Low-field microwave absorption and magnetoresistance in iron nanostructures grown by electrodeposition on n-type lightly-doped silicon substrates

TL;DR

This paper explores the magnetic properties and spin dynamics of iron nanostructures electrodeposited on silicon, demonstrating potential for contactless spin injection and detection using magnetic resonance techniques.

Contribution

It introduces magnetic resonance as a novel, contactless method to analyze spin injection and magnetoresistance in Fe/Si nanostructures, advancing spintronic research.

Findings

Observation of hysteresis in magnetic resonance spectra

Detection of broad peak indicating low field microwave absorption

Correlation between magnetic resonance and magnetoresistance features

Abstract

In this study we investigate magnetic properties, surface morphology and crystal structure in iron nanoclusters electrodeposited on lightly-doped (100) n-type silicon substrates.
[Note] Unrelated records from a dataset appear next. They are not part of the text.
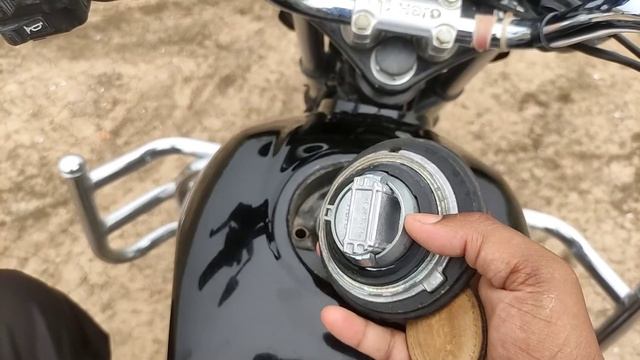Bike ki tanki se pani kaise nikale | Fuel Tank मे आग किन कारणों से लगता है смотреть онлайн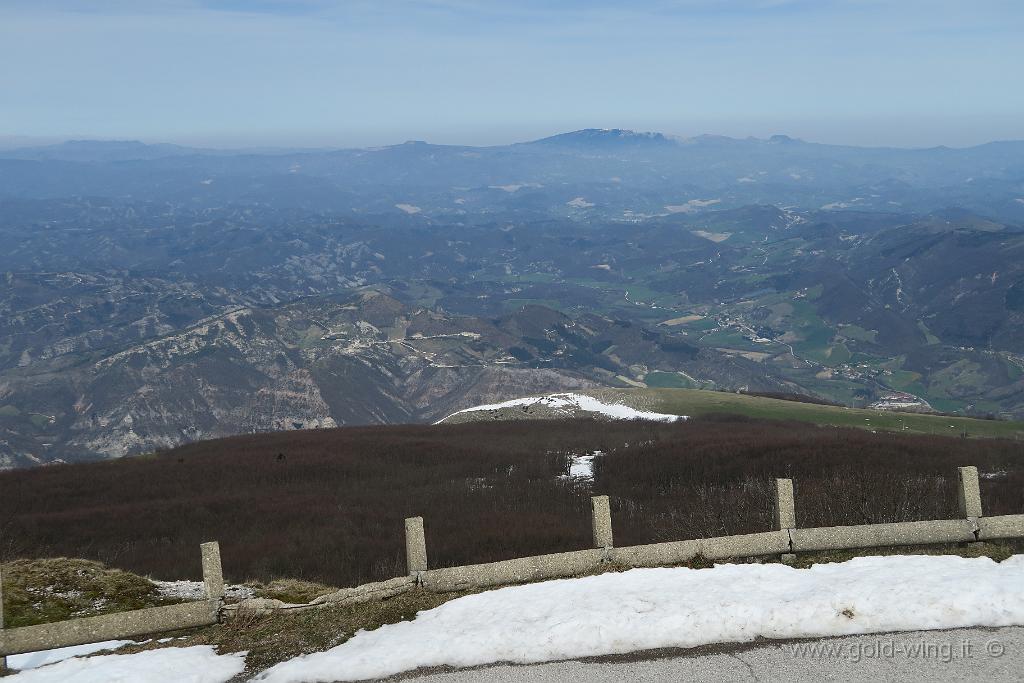 IMG_0211.JPG - Panorama dal Monte Nerone (m 1.525)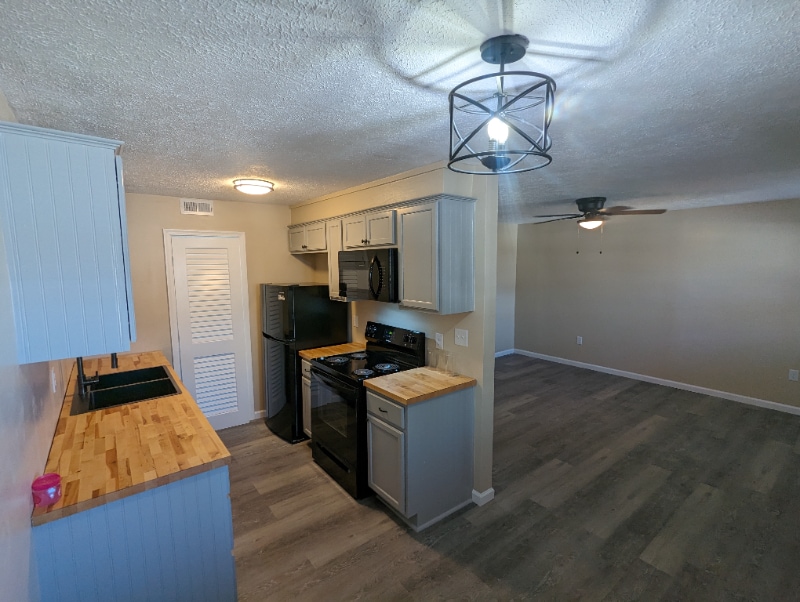 627 Blvd, Danville, VA 24540 Room for Rent in Danville, VA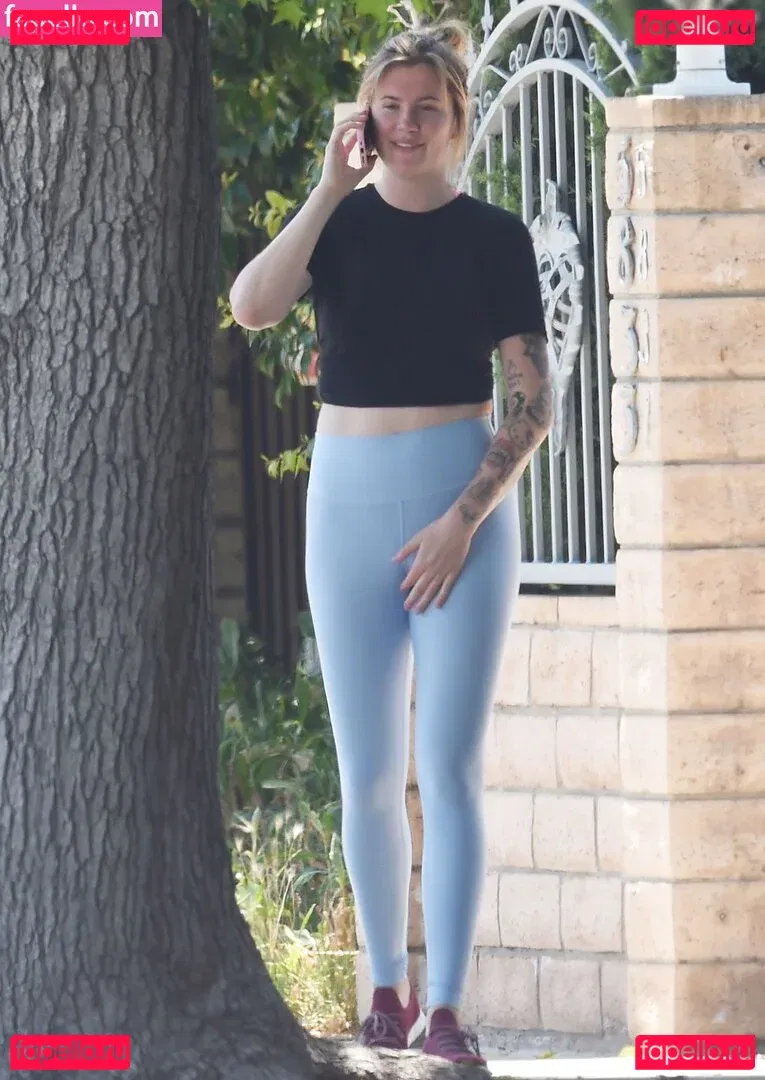 Ireland Baldwin Onlyfans Photo Gallery 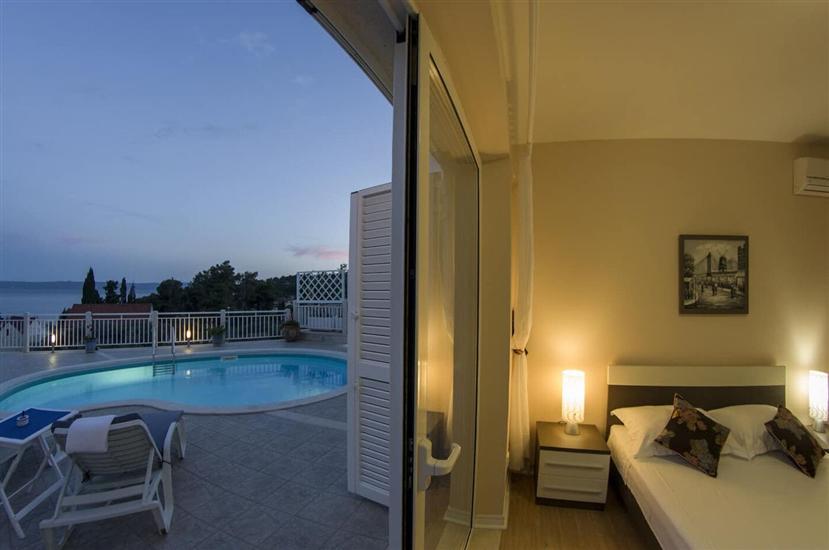 House K1, for 12 persons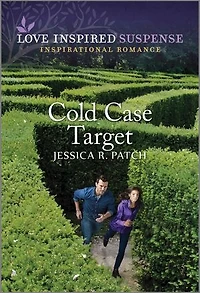 Cold Case Target: A Thrilling Romantic Suspense Book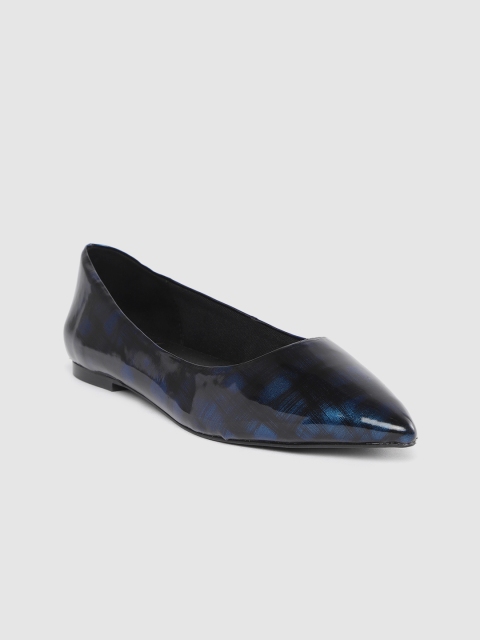 

Carlton London Women Navy Blue Abstract Print Ballerinas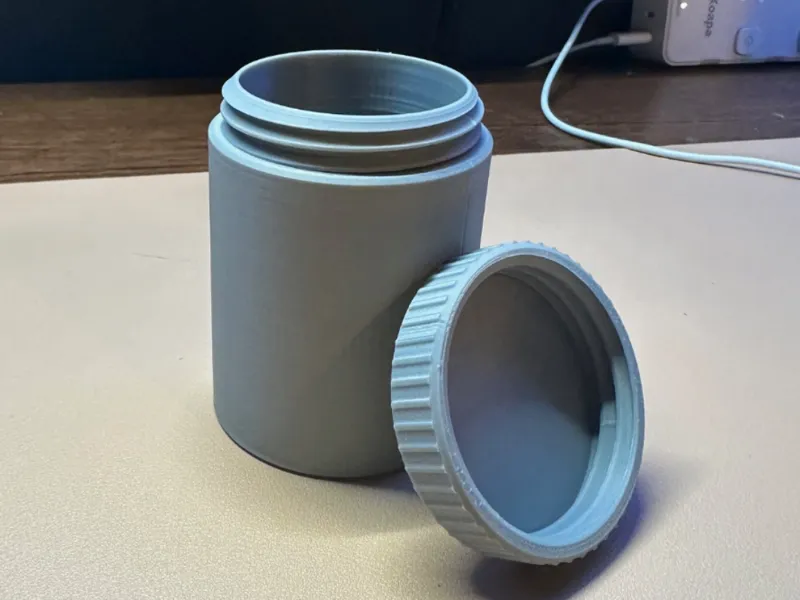 Jar / Bottle with threaded lid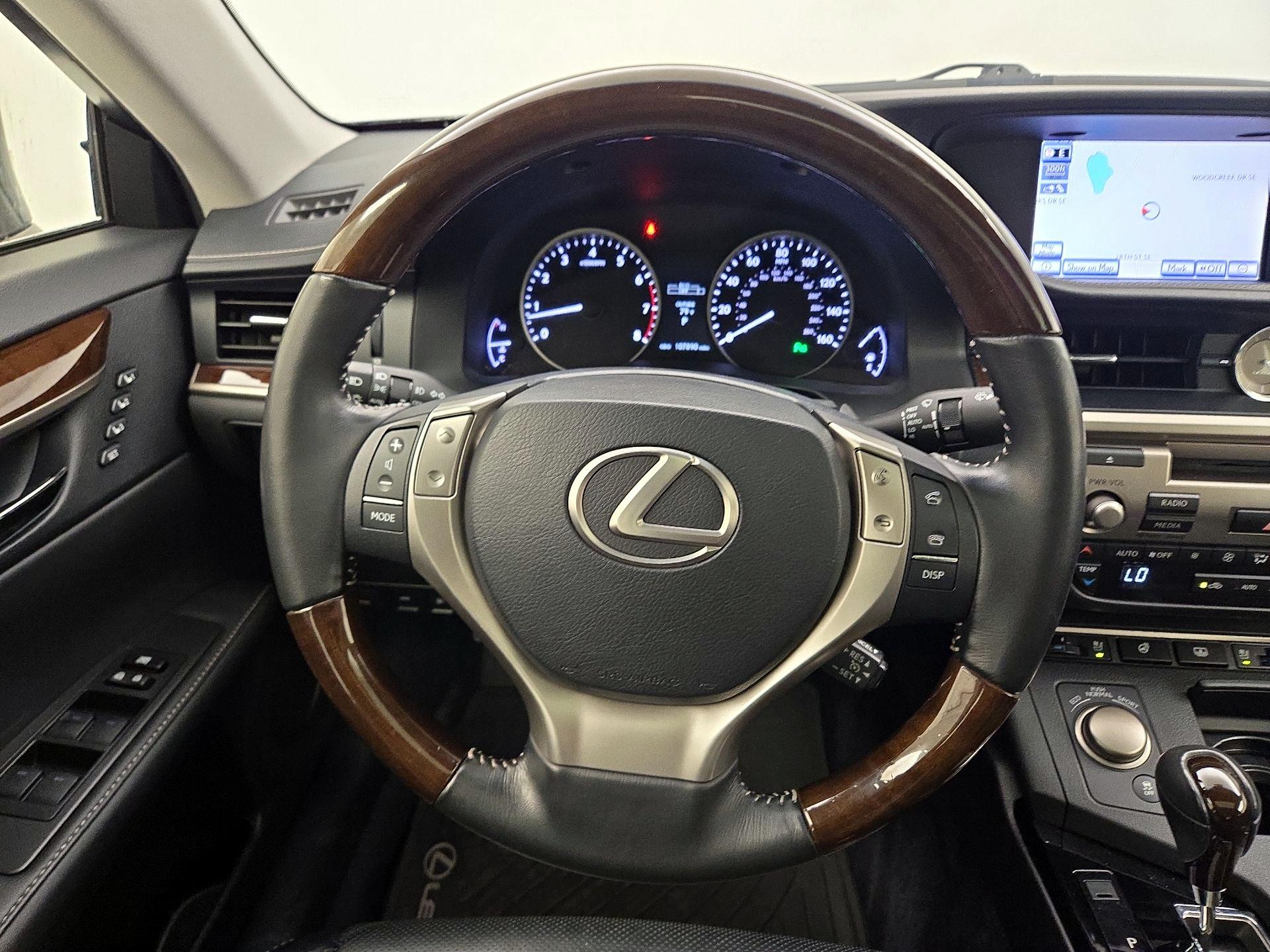 Thumbnail: 2013 Lexus ES - 10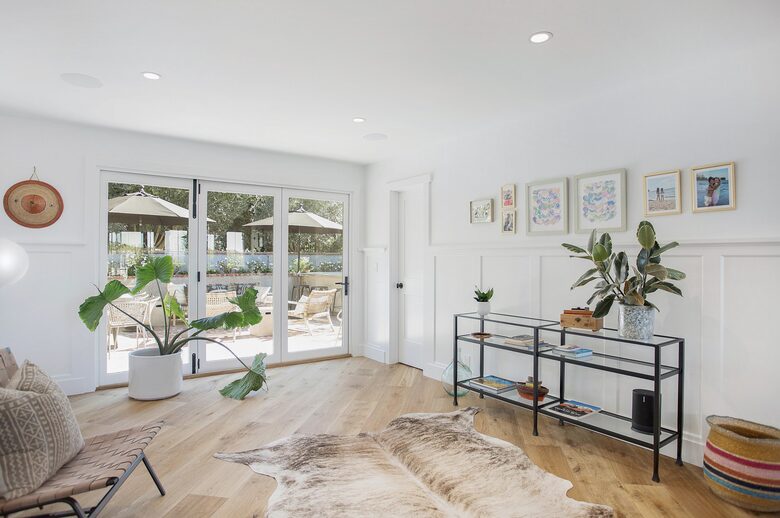 Home Exchange in Laguna Beach, CA, contemporary designs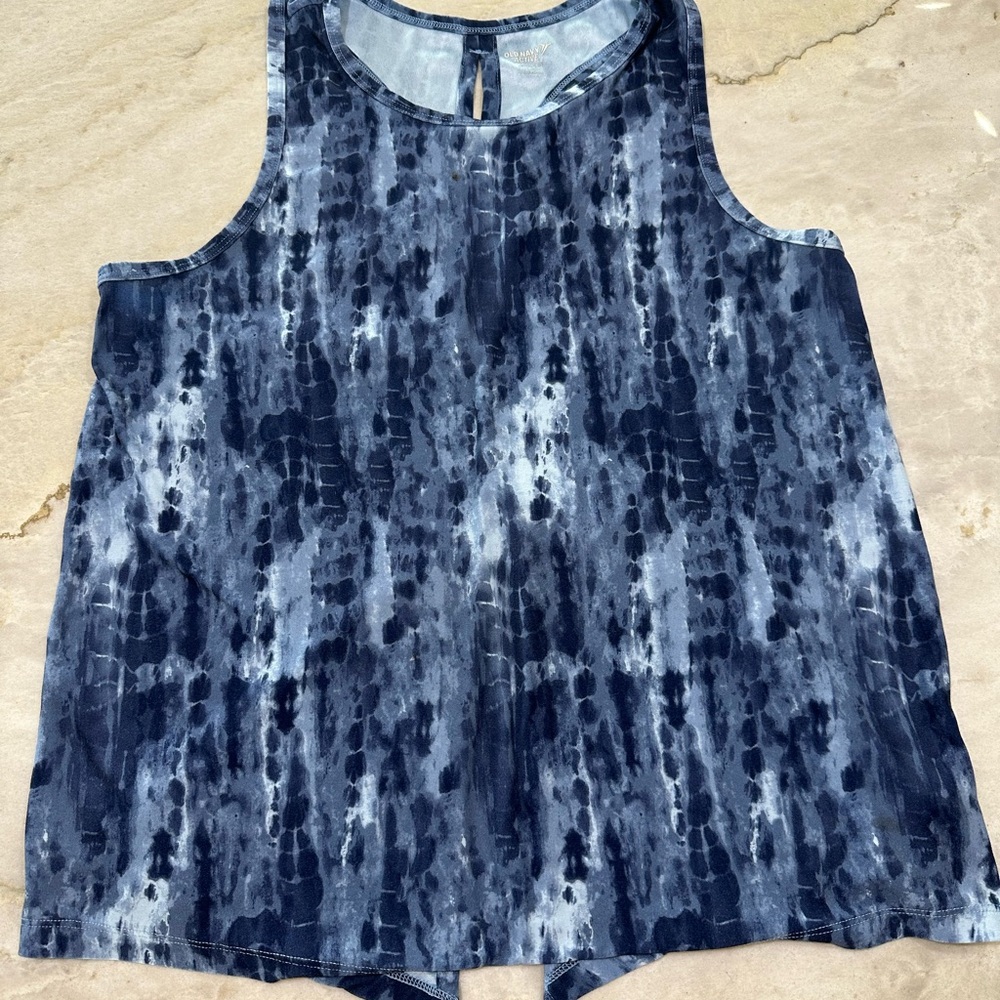 Old Navy Active Blue Tie-Dye Sleeveless peekaboo back Tank Top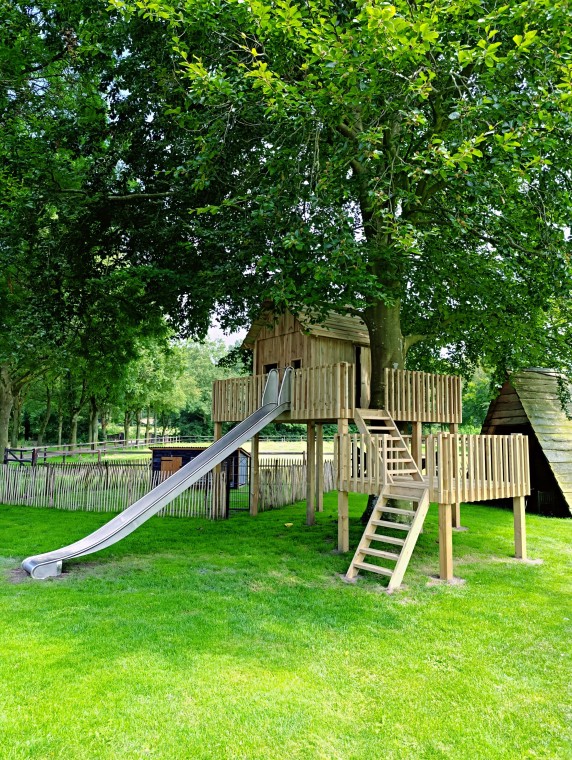 Onze maatwerk boomhutten voor onvergetelijke avonturen.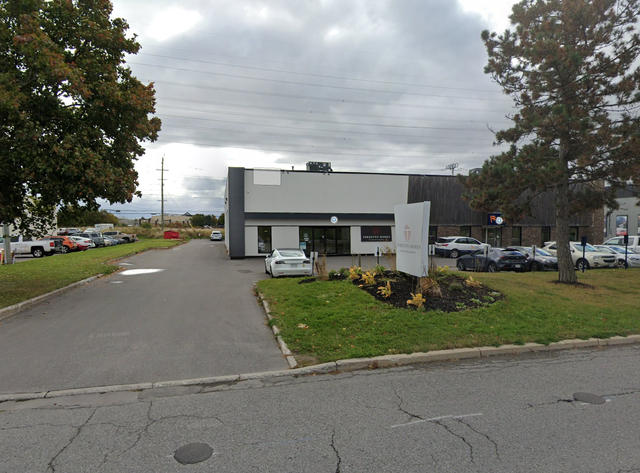 Small Warehouse / Office Available - Sublease! in Commercial & Office Space for Rent in Ottawa - Image 2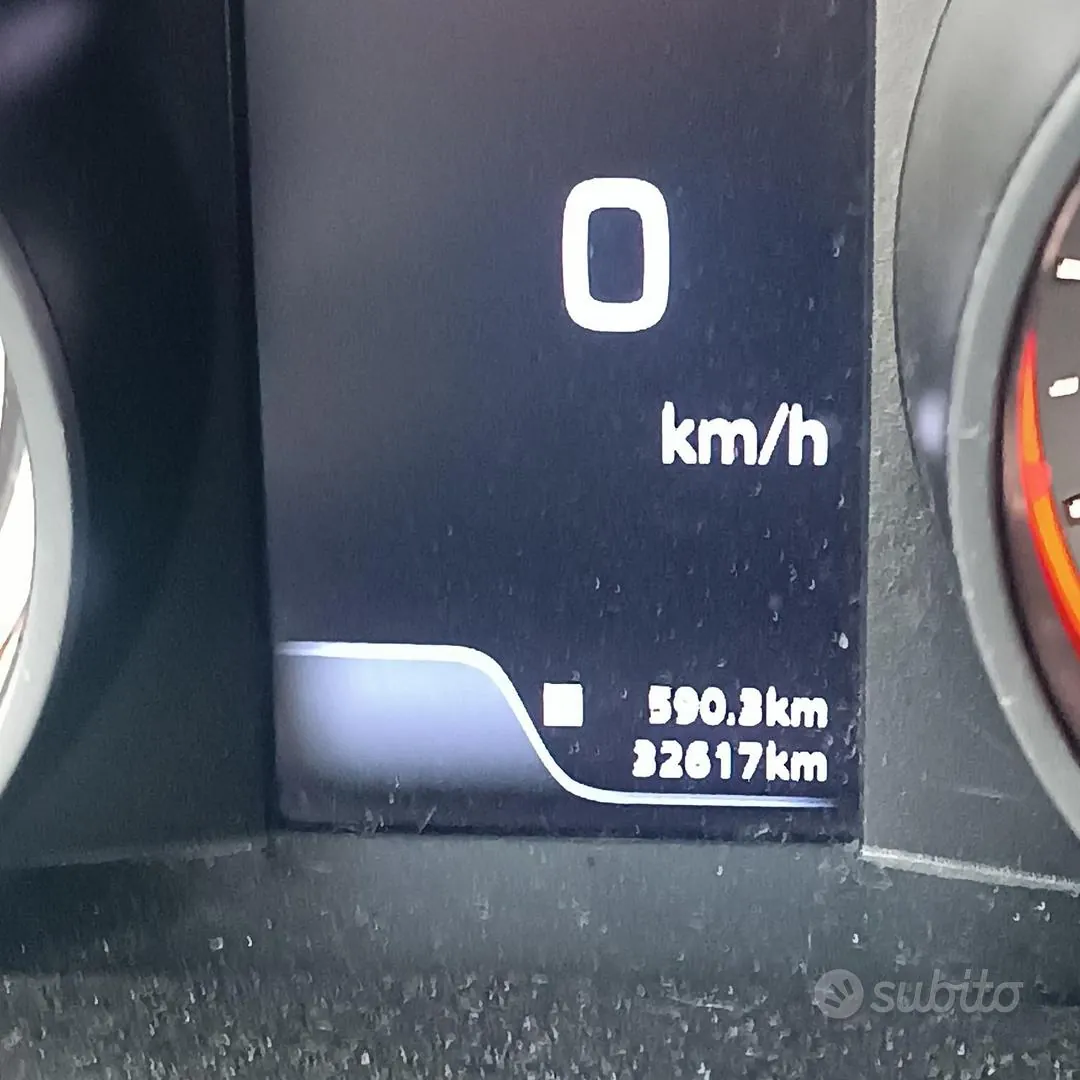 Suzuki Swift 2021 photo 4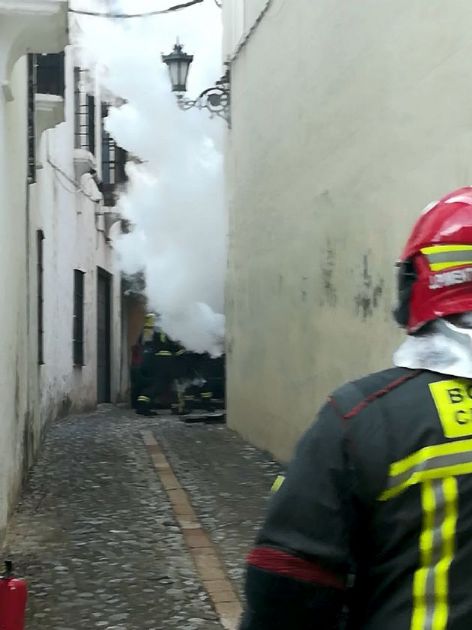 Incendio en un cuadro eléctrico Incendio en un cuadro eléctrico
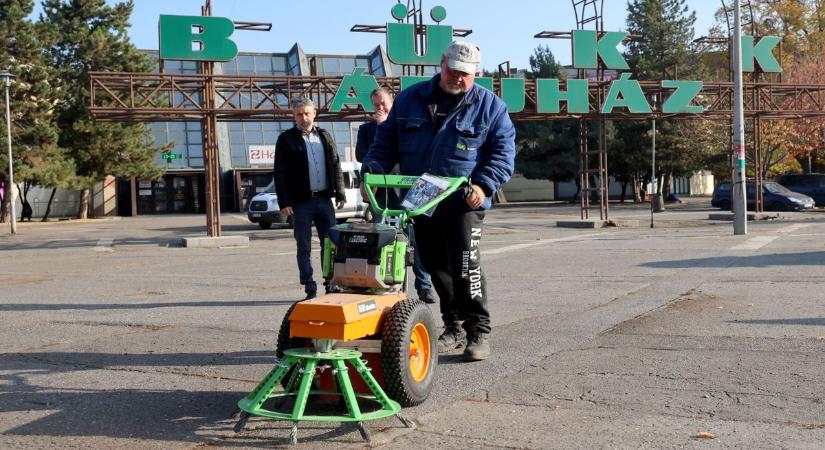 Különleges gyomeltávolító technológiával folytatódott az őszi nagytakarítás (fotókkal, videóval)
Our goal is to investigate the spin injection and detection in the Fe/Si lateral structures. The samples obtained under electric percolation were characterized by magnetoresistive and magnetic resonance measurements with cycling the sweeping applied field in order to understand the spin dynamics in the as-produced samples. The observed hysteresis in the magnetic resonance spectra, plus the presence of a broad peak in the non-saturated regime confirming the low field microwave absorption (LFMA), were correlated to the peaks and slopes found in the magnetoresistance curves. The results suggest long range spin injection and detection in low resistive silicon and the magnetic resonance technique is herein introduced as a promising tool for analysis of electric contactless magnetoresistive samples.